September 20, 2012

confess

i want to talk about the confused emotions i have about school
but don't want the upperclassmen whose approval i'm so desperate to obtain to read it

i want to zip my mouth shut in my science class
because i asked too many questions tuesday
so that we couldn't cover all the material
related, of course, is that upperclassmen are in that class
and i suppose that if i had their respect and friendship
that. . . what? i'd have the validation of the gods?

funny
that amidst this
insecurity
are emails
from new friends
possibilities of meeting
and past ways i've already been welcomed

this book, "sin, pride and self-acceptance" is so lucid - now that we've come to chapter 6 -
explains why prideful people are so insecure, and how self-sacrificing people may be motivated by pride
i'm grateful for my conversation on Tuesday with L,
for my classmates' support and encouragement
for a mom whom i trust to tell her my fears and feelings
for a God who has bound himself to me

5 comments:

Reeve said...

<3 <3 <3 I love you, Rebecca. I think I understand what you mean... and I if I do - I've felt the same way.

Eunice said...

Hungering for the approval of a daughter but hungering for a greater hunger for my Lord to say "Well done good and faithful servant"

Kristen said...

This is raw and beautiful. Thank you for sharing your assorted thoughts about this. :)

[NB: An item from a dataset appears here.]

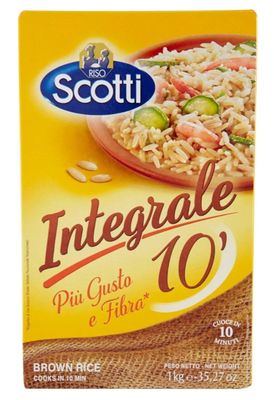 🧡 Riso Scotti Riso Integrale 10' - Più Gusto e Fibra 1Kg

"why prideful people are so insecure, and how self-sacrificing people may be motivated by pride" That is very insightful... I feel like I really ought to read this book.

Franklin Hoecke said...

Wow! I love your writing rebecca, and this is the first chance I've had to read it. This is Franklin by the way!

Art said...

Thank you for reading and commenting, Franklin. It's good to hear from you!